Most people disappoint him. Entire continents, such as Africa, fail to meet his standards. This may be partly because all cultures are foreign to him and he has nothing to defend. Born in Trinidad, the descendant of immigrants from India, he's lived since the 1950s in England. While he long ago ceased to be a Trinidadian, and never became Indian, he has not turned into an Englishman.

For decades he's taken a bracingly forthright view of Islamic societies, remarkable in a time when most criticism of Islam has been pathetically timid.
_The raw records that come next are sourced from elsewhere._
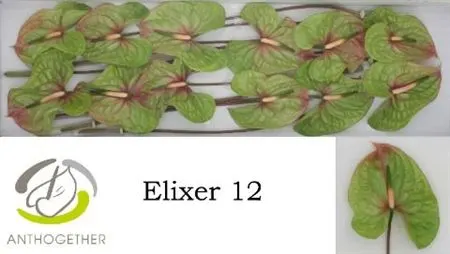 Anth Elixer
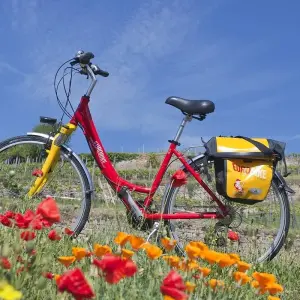 Explore Rhine Romance - Speyer, Heidelberg, Worms 6/5 for 6 days with Eurobike and discover unforgettable experiences - Photo 4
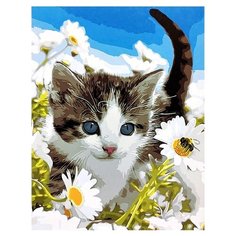 Paintboy Картина по номерам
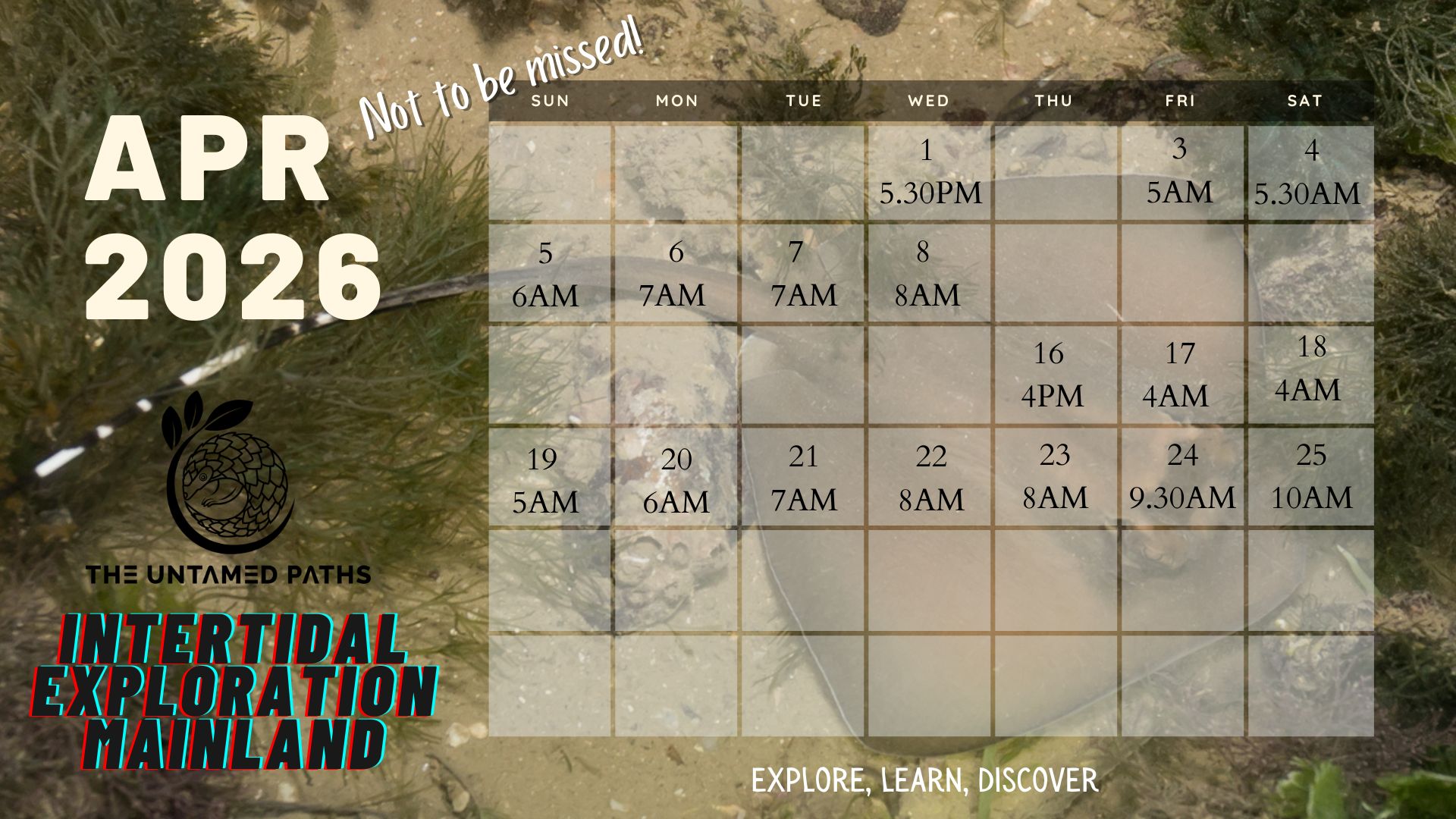 Intertidal Exploration - Mainland 4 Intertidal Walk Singapore with Nature Guides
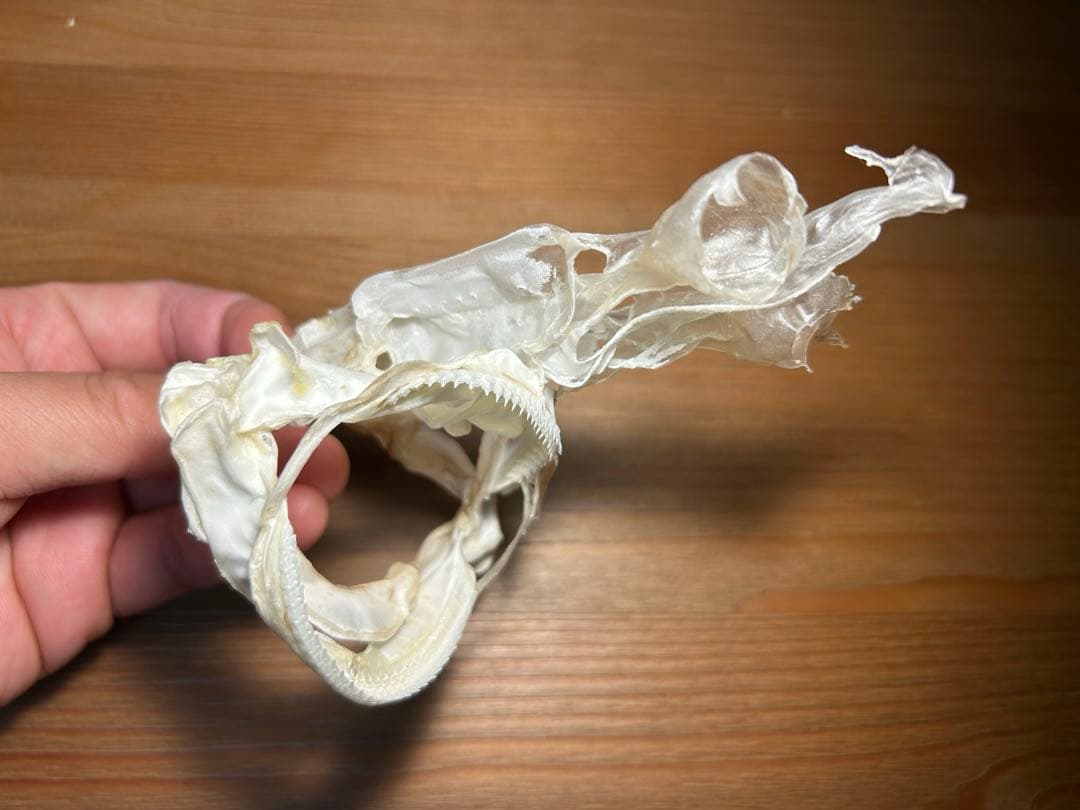 サガミザメの頭骨標本(サメ骨格)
But while his non-fiction books are crammed with shrewd observations, they tend to lack even an attempt at empathy. In 1981 he wrote a thick book about Islam, Among the Believers, which contains not one paragraph suggesting why anyone would want to be a Muslim.

In 1980 he discussed his reputation on his native island: "My books aren't read in Trinidad now -- drum-beating is a higher activity, a more satisfying activity." Trinidadians, he said, "live purely physical lives which I find contemptible ... It makes them interesting only to chaps in universities who want to do compassionate studies about brutes." In literary matters he's equally blunt. He was at his sharpest when he called the fatwa against Salman Rushdie "an extreme form of literary criticism." Since Mr. Rushdie expected to be murdered at any minute, that wasn't altogether funny.
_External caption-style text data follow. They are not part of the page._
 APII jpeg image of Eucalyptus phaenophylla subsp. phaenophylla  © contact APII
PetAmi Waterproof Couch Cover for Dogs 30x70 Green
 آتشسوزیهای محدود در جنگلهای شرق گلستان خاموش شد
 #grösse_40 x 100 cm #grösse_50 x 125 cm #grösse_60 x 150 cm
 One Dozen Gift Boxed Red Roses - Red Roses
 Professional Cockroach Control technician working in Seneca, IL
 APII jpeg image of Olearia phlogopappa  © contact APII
Yet there's something comic in Sir Vidiadhar's habit of carrying peevishness to spectacular lengths. When he denounces a whole conference of academics to their faces, it at least produces a good anecdote. At an international meeting in Kyoto in 1997, he announced that he had nothing to say and couldn't imagine why he had agreed to speak with such stupid people. Sir Vidia's Shadow: A Friendship Across Five Continents, by Paul Theroux, identified Sir Vidiadhar's self-absorbed and devious personality as the reason why the long Naipaul-Theroux friendship ended. Diana Athill, who edited many Naipaul books in England, wrote last year in her memoirs, Stet, that she found him painfully demanding, endlessly querulous. When finally he broke with her because she suggested the manuscript of Guerrillas could be improved, she was ecstatic: "It was as though the sun came out. I didn't have to like Vidia any more."
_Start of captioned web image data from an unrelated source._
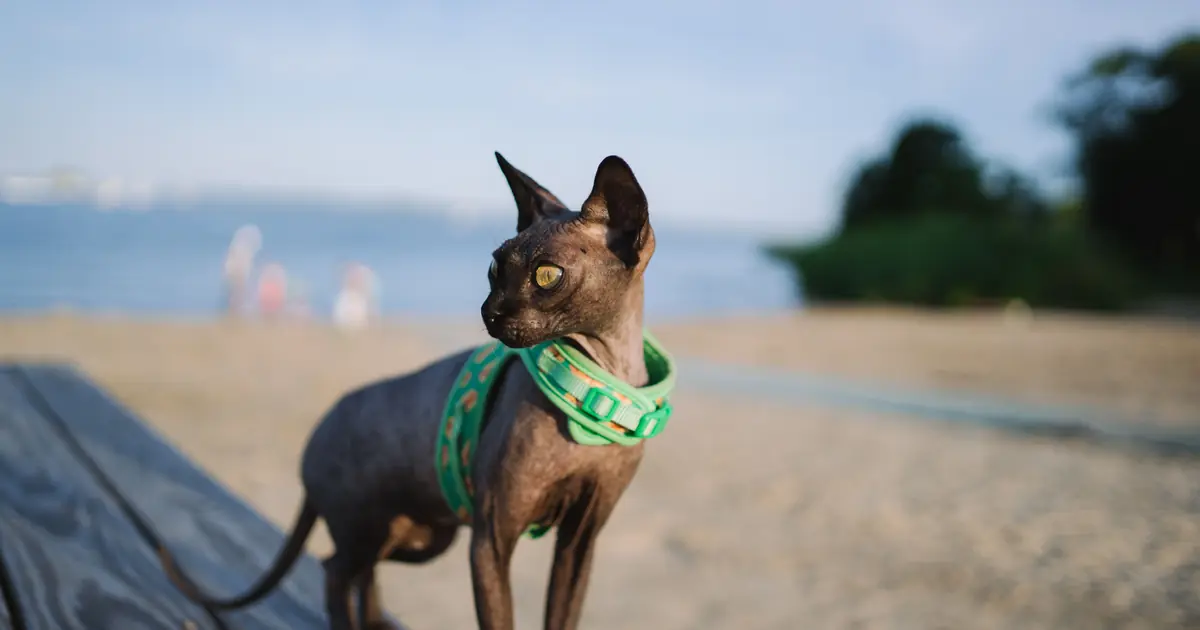A rare Lykoi werewolf cat showing its patchy roan coat and bald face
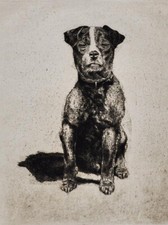 Jack Russel Terrier, Paul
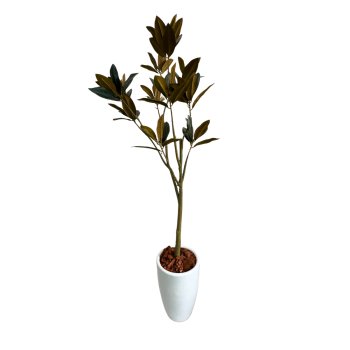 Planta Permanente Árvore Magnólia 160 cm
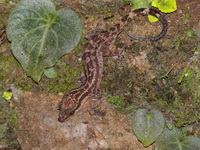 Four-striped Bent-toed Gecko  - Bang Lang NP
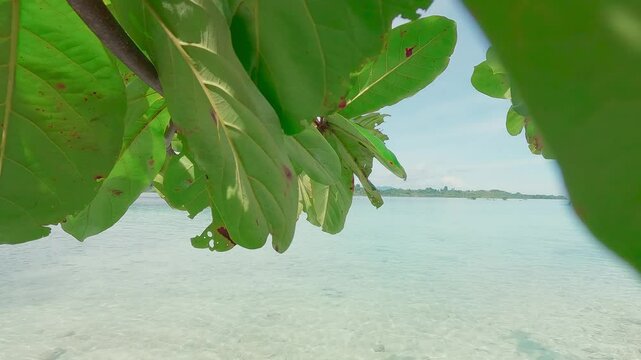 A beautiful tropical island in the Pacific Ocean with mangroves and coastal almond trees. A tropical island with calm waves and foliage in the foreground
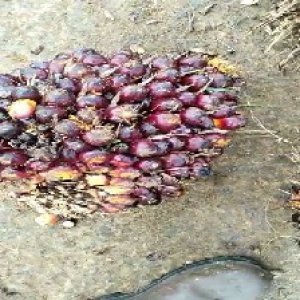 unripe_train (171).jpg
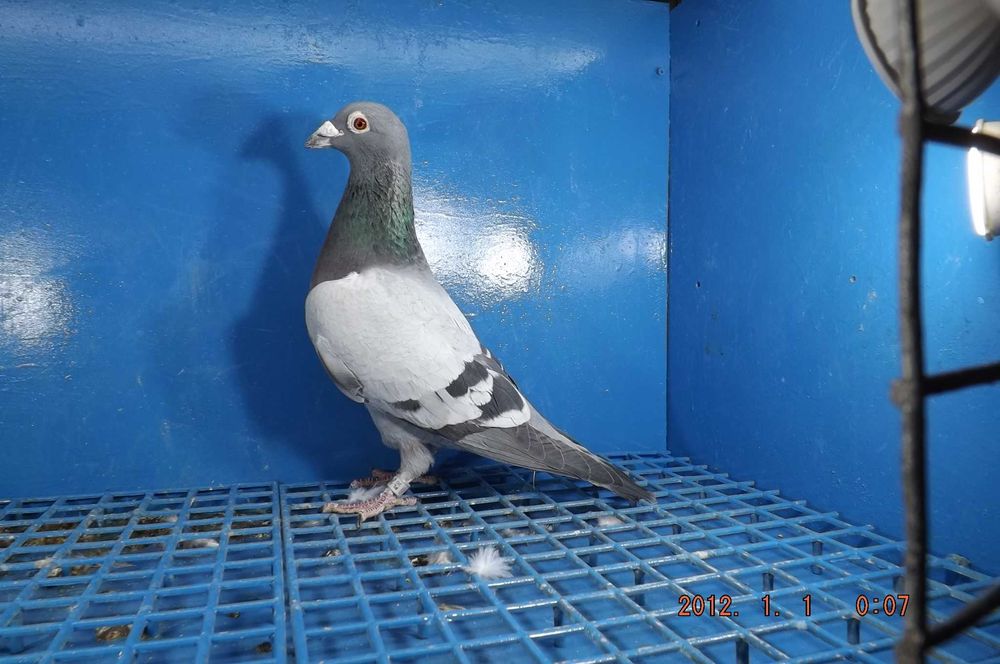 Gołąbek Rozpłodowy Samiczka wnuk Olimpijki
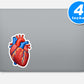 Anatomy Vinyl Stickers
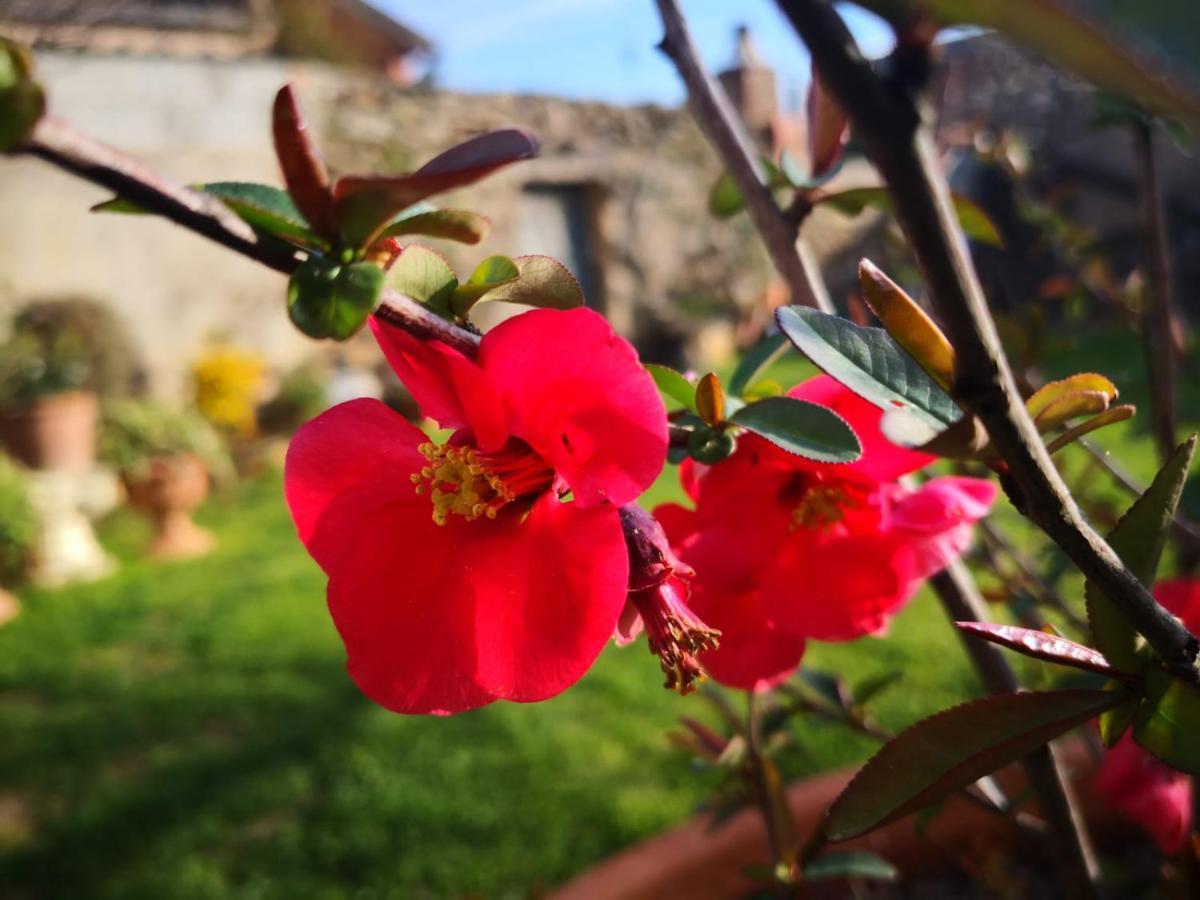 Zia Chiarina Bed & Breakfast San Nicolo Gerrei Exterior photo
Once, three decades ago, I spent a few hours with him, among a dozen people invited to dinner by old friends of his in Toronto. He sat in a corner with guests on either side of him, like the Sun King at court. It was an evening of suffocating boredom. No matter what topic was introduced, he dismissed it with a wretched cliché. Television? "Stupidity for the masses." Americans? "Crass materialists." It was as if he had decided to be half alive; perhaps he thought that was all Toronto deserved. There was one lively moment when the host responded to the conversation by falling asleep in his chair, his cigar tumbling onto the Finnish wool rug in a hail of sparks.

Sir Vidiadhar has always been among the sacred monsters of modern culture, though sometimes it's hard to find the sacred part. It will be painful if he decides to turn noble, or even just pleasant, in Stockholm. The world tolerates a great deal in its Nobel Prize winners, but a likeable V.S. Naipaul might be too shocking to bear.